[Records supplied Boundary: Start]

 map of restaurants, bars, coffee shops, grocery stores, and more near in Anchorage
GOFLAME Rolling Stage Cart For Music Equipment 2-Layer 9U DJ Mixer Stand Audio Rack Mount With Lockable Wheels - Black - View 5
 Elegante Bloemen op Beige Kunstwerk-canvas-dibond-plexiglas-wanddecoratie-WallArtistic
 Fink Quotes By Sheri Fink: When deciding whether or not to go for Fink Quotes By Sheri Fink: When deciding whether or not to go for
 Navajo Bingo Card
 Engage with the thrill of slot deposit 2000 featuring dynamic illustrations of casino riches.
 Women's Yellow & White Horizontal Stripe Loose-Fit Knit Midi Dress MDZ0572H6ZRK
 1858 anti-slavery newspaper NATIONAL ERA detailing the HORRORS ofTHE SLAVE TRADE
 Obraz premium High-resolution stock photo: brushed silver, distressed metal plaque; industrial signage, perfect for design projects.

[Records supplied Boundary: End]

▶ _Assignment_
Each entry above needs to be duplicated verbatim.

▶ _Task result_
 map of restaurants, bars, coffee shops, grocery stores, and more near in Anchorage
GOFLAME Rolling Stage Cart For Music Equipment 2-Layer 9U DJ Mixer Stand Audio Rack Mount With Lockable Wheels - Black - View 5
 Elegante Bloemen op Beige Kunstwerk-canvas-dibond-plexiglas-wanddecoratie-WallArtistic
 Fink Quotes By Sheri Fink: When deciding whether or not to go for Fink Quotes By Sheri Fink: When deciding whether or not to go for
 Navajo Bingo Card
 Engage with the thrill of slot deposit 2000 featuring dynamic illustrations of casino riches.
 Women's Yellow & White Horizontal Stripe Loose-Fit Knit Midi Dress MDZ0572H6ZRK
 1858 anti-slavery newspaper NATIONAL ERA detailing the HORRORS ofTHE SLAVE TRADE
 Obraz premium High-resolution stock photo: brushed silver, distressed metal plaque; industrial signage, perfect for design projects.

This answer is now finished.